EXCERPTED RECORDS section start

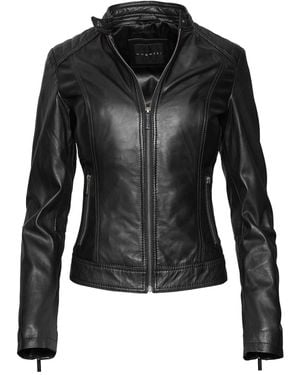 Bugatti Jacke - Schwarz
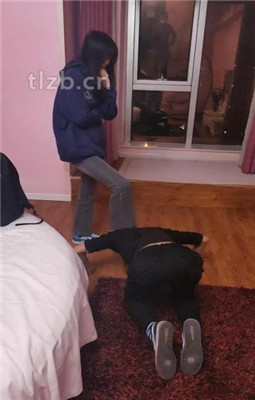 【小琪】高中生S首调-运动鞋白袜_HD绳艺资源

EXCERPTED RECORDS section end
EXCERPTED RECORDS section start

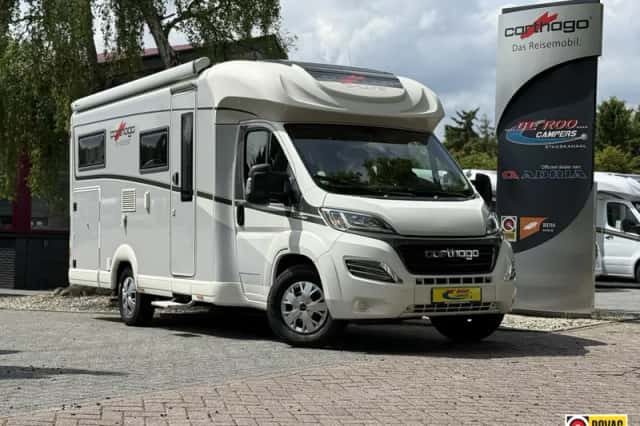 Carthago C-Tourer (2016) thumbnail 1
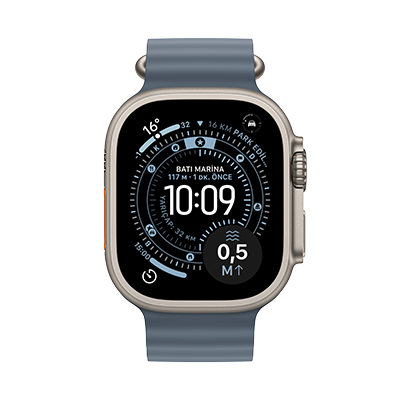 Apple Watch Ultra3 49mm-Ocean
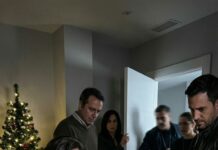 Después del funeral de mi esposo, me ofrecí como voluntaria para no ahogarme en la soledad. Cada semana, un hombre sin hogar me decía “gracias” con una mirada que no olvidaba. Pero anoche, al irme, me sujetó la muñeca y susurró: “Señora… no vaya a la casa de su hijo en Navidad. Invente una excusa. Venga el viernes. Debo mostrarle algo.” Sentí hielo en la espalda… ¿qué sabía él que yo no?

EXCERPTED RECORDS section end

=== INSTRUCTIONS FOR THE TASK ===
Write out again exactly the lines above from the one with "Apple Watch Ultra3 49mm-Ocean" through the one with "Después del funeral", adding no other lines and no pictures.

=== SOLUTION FOR THIS EXERCISE ===
 Apple Watch Ultra3 49mm-Ocean
 Después del funeral de mi esposo, me ofrecí como voluntaria para no ahogarme en la soledad. Cada semana, un hombre sin hogar me decía “gracias” con una mirada que no olvidaba. Pero anoche, al irme, me sujetó la muñeca y susurró: “Señora… no vaya a la casa de su hijo en Navidad. Invente una excusa. Venga el viernes. Debo mostrarle algo.” Sentí hielo en la espalda… ¿qué sabía él que yo no?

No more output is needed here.